*Your task*.
Repeat the following data exactly, omitting pictures.

*Recorded information*.

== Segment start ==

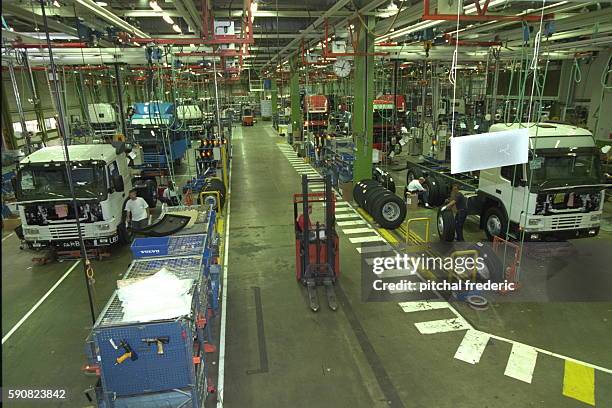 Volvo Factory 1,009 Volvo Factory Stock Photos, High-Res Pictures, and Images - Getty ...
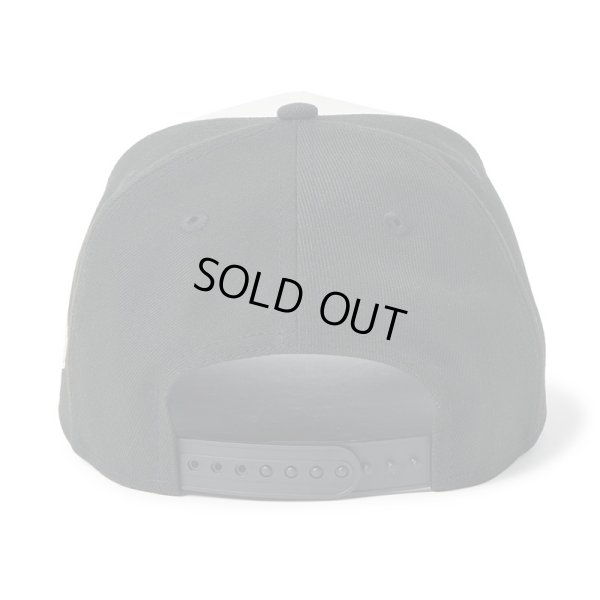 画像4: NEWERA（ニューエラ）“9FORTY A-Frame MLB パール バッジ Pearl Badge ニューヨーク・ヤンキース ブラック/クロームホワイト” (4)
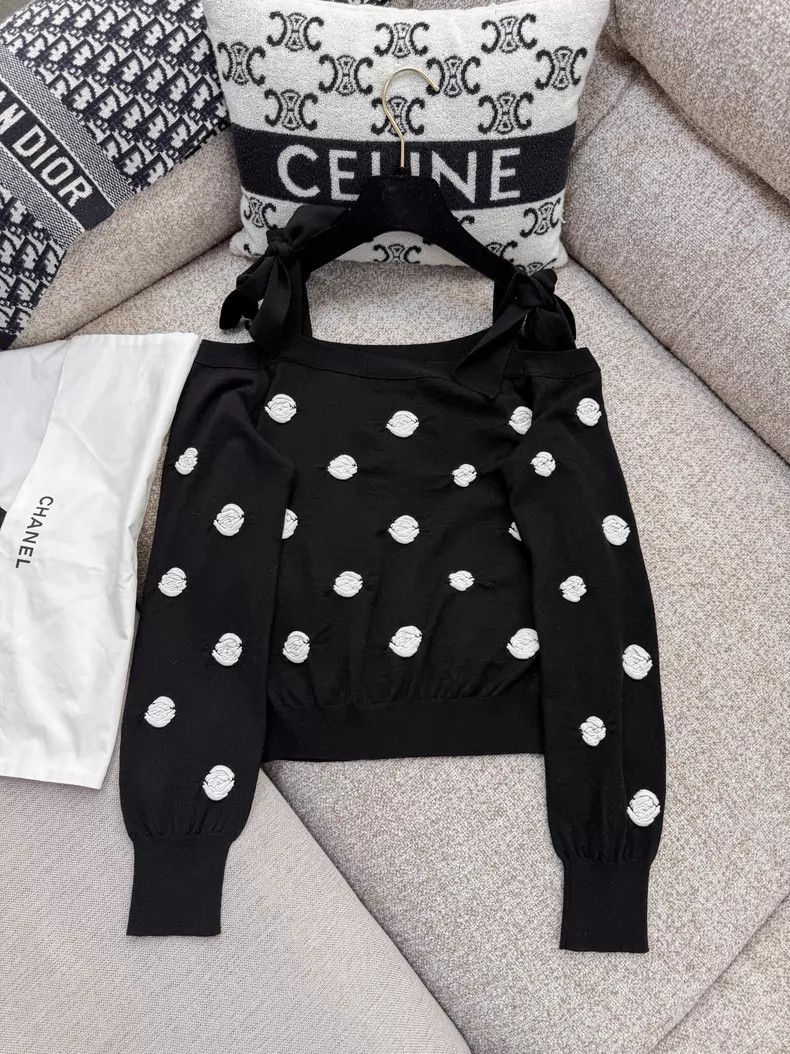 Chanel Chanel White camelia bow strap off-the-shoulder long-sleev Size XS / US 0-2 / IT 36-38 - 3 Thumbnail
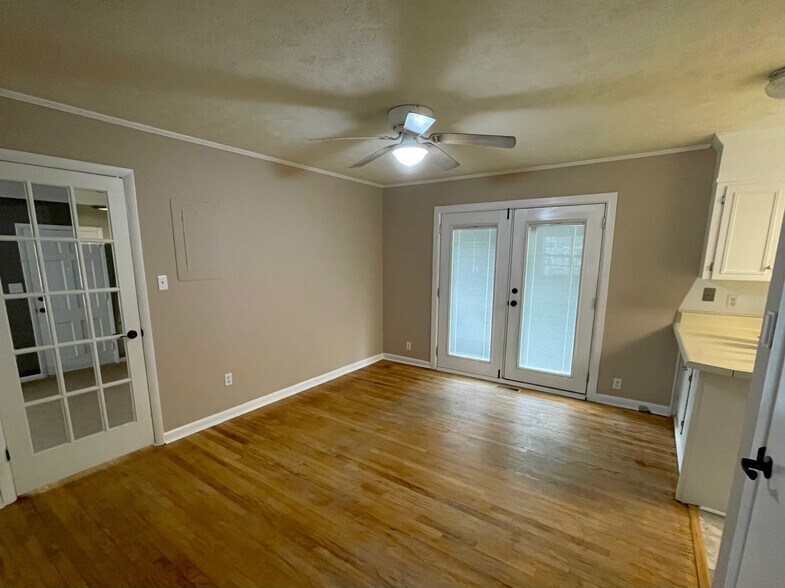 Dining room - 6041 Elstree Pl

== Segment end ==

*Problem solution*.
 Volvo Factory 1,009 Volvo Factory Stock Photos, High-Res Pictures, and Images - Getty ...
 画像4: NEWERA（ニューエラ）“9FORTY A-Frame MLB パール バッジ Pearl Badge ニューヨーク・ヤンキース ブラック/クロームホワイト” (4)
 Chanel Chanel White camelia bow strap off-the-shoulder long-sleev Size XS / US 0-2 / IT 36-38 - 3 Thumbnail
 Dining room - 6041 Elstree Pl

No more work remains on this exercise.